2. Load & inspect dataset
    - Load CSV/JSON and confirm required columns (title, description/plot, genre, metadata).
    - Quick EDA: shape, head(), dtypes, missing values, duplicates.

3. Clean & preprocess text
    - Basic cleaning: lowercase, strip, remove punctuation, normalize whitespace.
    - Optionally remove stopwords, lemmatize, normalize genres/tags.

4. Combine fields into a single content string
    - Merge title + genre + description + tags into one text column used for vectorization.
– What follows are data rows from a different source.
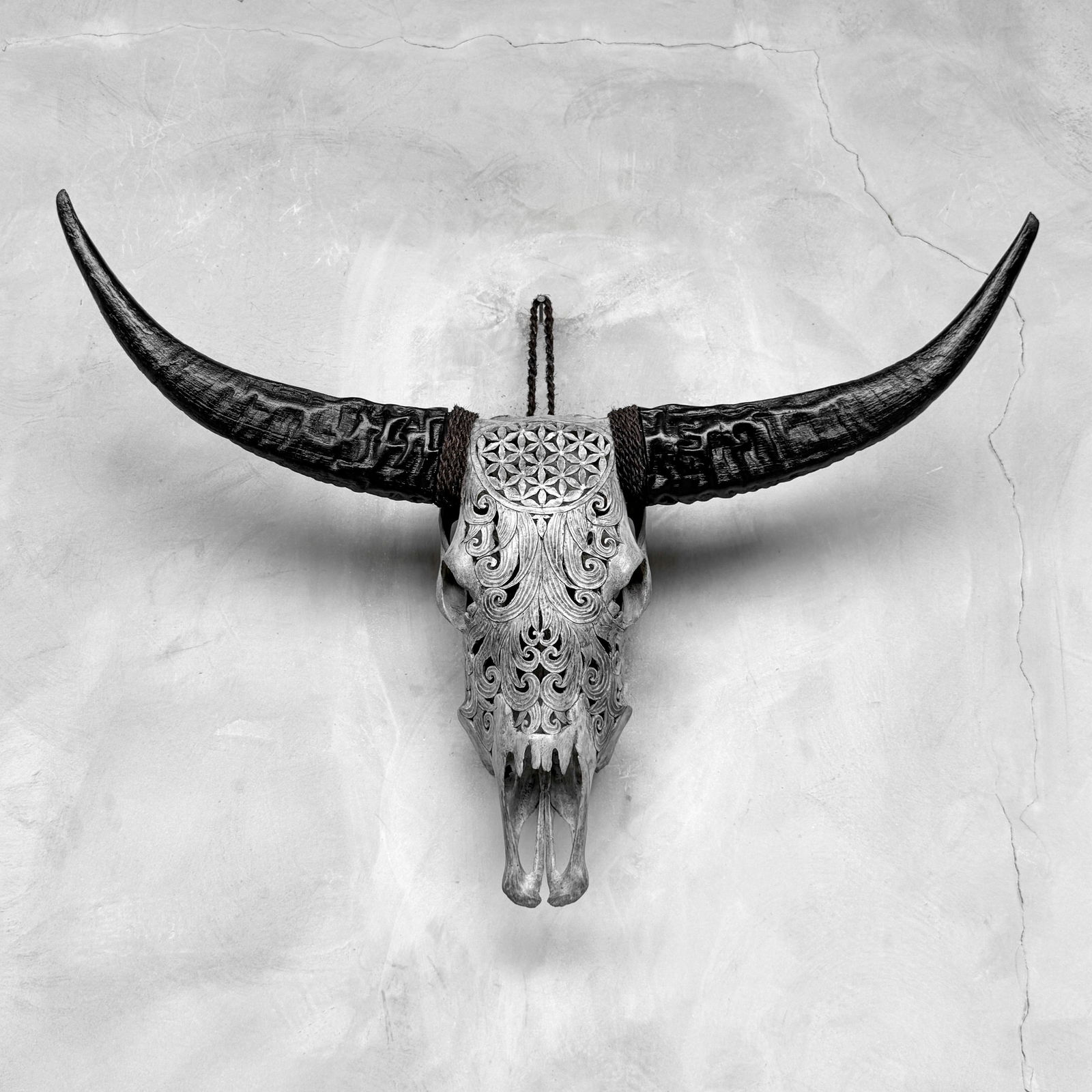 Grey buffalo skull - Flower of life motif - 9
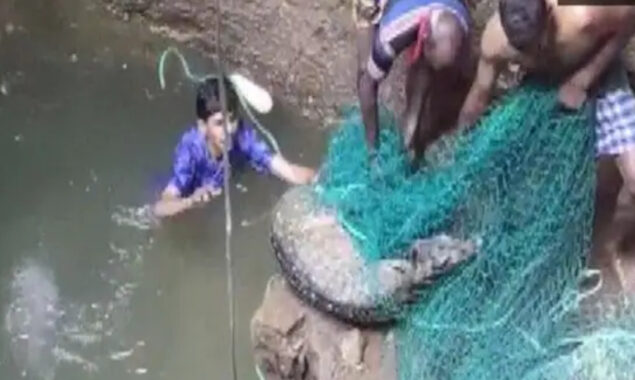 Watch photos: Two-year-old spotted deer in deep well rescued by forest officials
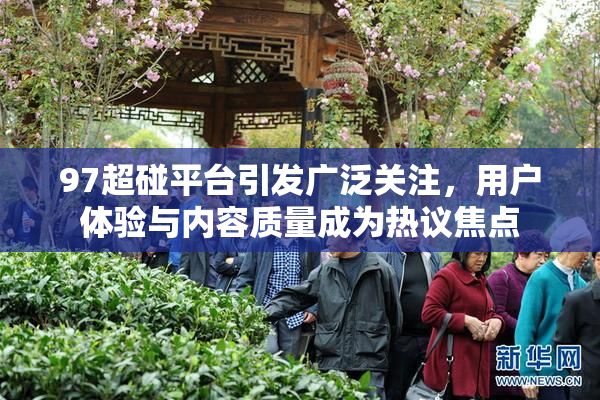 97超碰平台引发广泛关注，用户体验与内容质量成为热议焦点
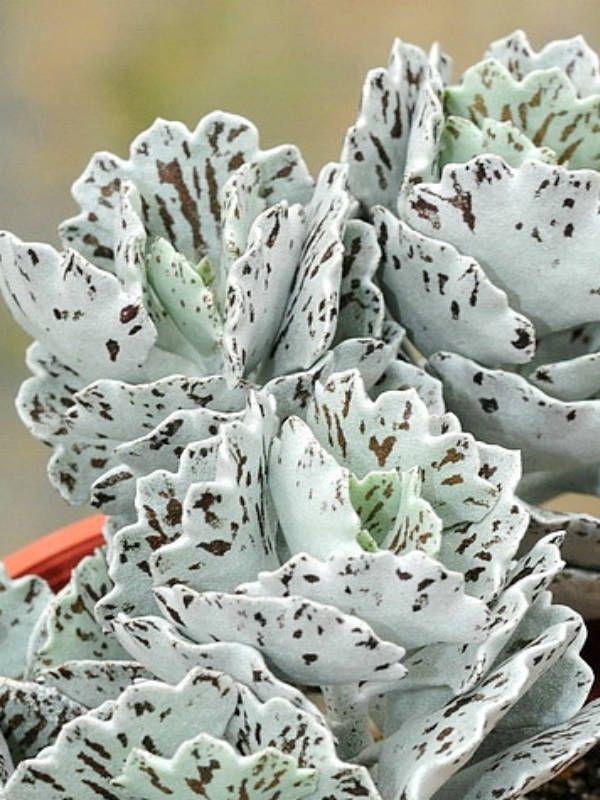 Kalanchoe rhombopilosa --Pies from Heaven--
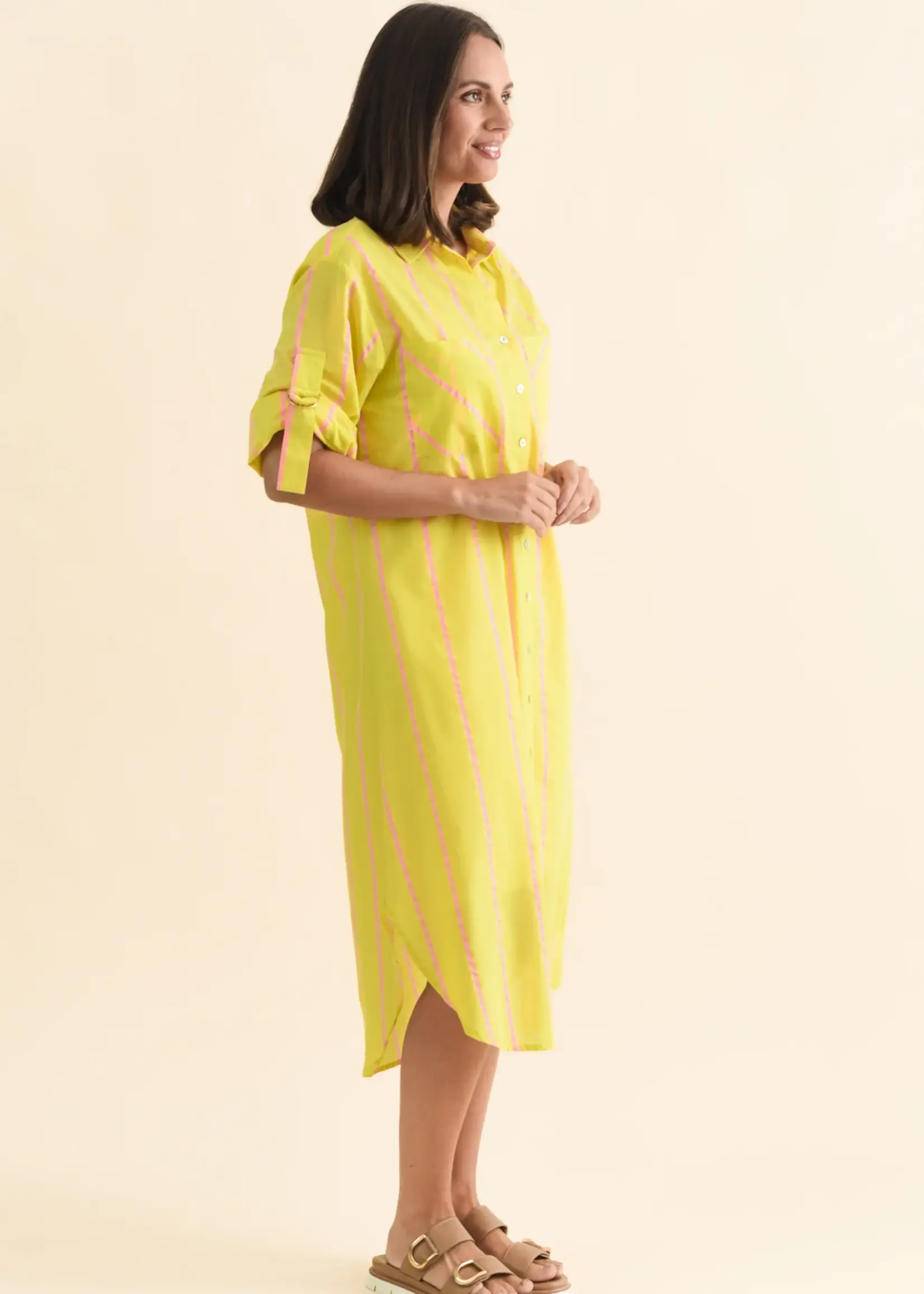 Betty Basic Hayman Shirt Dress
5. Vectorization / embeddings
    - Choose representation: TF-IDF (fast, sparse) or sentence/transformer embeddings (semantic).
    - Fit vectorizer/encoder on the item corpus (training set or full catalog if static).

6. Build item vectors & normalize
    - Transform texts → vectors and L2-normalize (for cosine similarity).

7. Similarity computation
    - Compute item-item similarity using cosine similarity.
    - For large catalogs use ANN (Faiss/Annoy/hnswlib) or NearestNeighbors with sparse support.

8. Recommendation function
    - Map title → index robustly (handle duplicates).
    - For a query item, return top-N most similar items (exclude the item itself).
    - Optionally filter by metadata (language, year) or minimum similarity threshold.
    - Return titles and similarity scores; optionally top contributing terms for explainability.

9. Evaluation (offline)
    - Use holdout test set and metrics like precision@K, recall@K, MAP, NDCG, hit rate.
    - Check diversity/novelty as needed.

10. Persist & deploy
     - Save artifacts: vectorizer/encoder, item vectors/index, title→index mapping (joblib/pickle).
     - Expose as API or batch job; use ANN for low-latency lookups and cache popular queries.

Quick checklist
- Exclude self-recommendation, handle missing plots, deduplicate titles.
- Fix random_state where applicable and version artifacts.
- Start with TF-IDF + cosine; iterate to embeddings and ANN if quality/scale require it.